There is one span to output from the data below: the lines starting at the line with "o qué quieres?" and ending at the line with "Funko Comic Covers". Output it exactly, ends included, nothing more.
### Supplied records ###
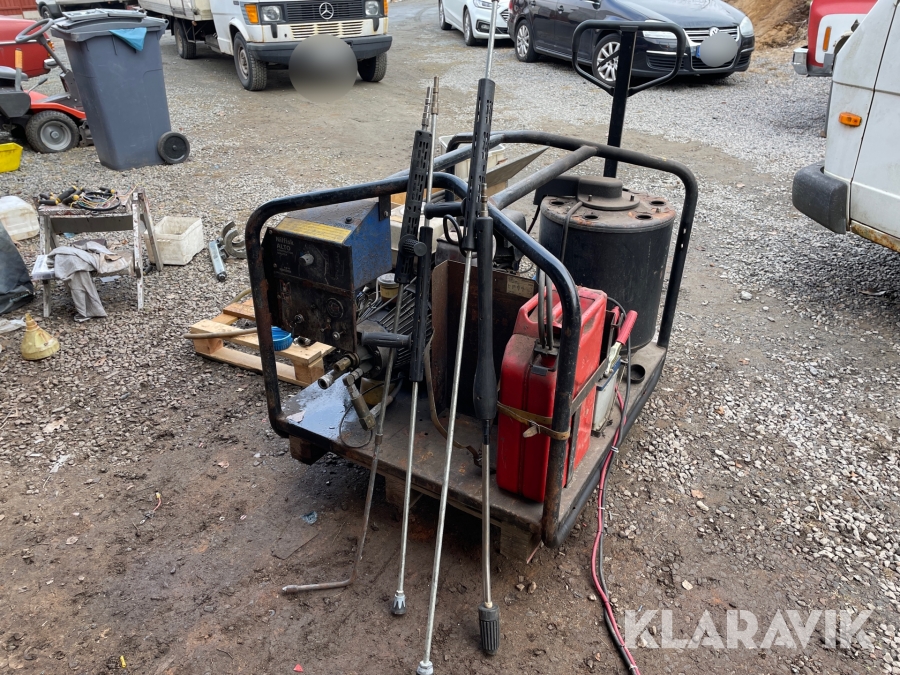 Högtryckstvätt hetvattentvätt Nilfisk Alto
###
### Supplied records ###
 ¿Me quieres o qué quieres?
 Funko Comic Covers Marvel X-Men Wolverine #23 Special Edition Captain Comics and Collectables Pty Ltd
###
### Supplied records ###
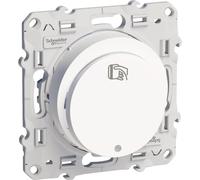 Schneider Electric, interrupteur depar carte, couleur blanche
###
**Result of the task**
 ¿Me quieres o qué quieres?
 Funko Comic Covers Marvel X-Men Wolverine #23 Special Edition Captain Comics and Collectables Pty Ltd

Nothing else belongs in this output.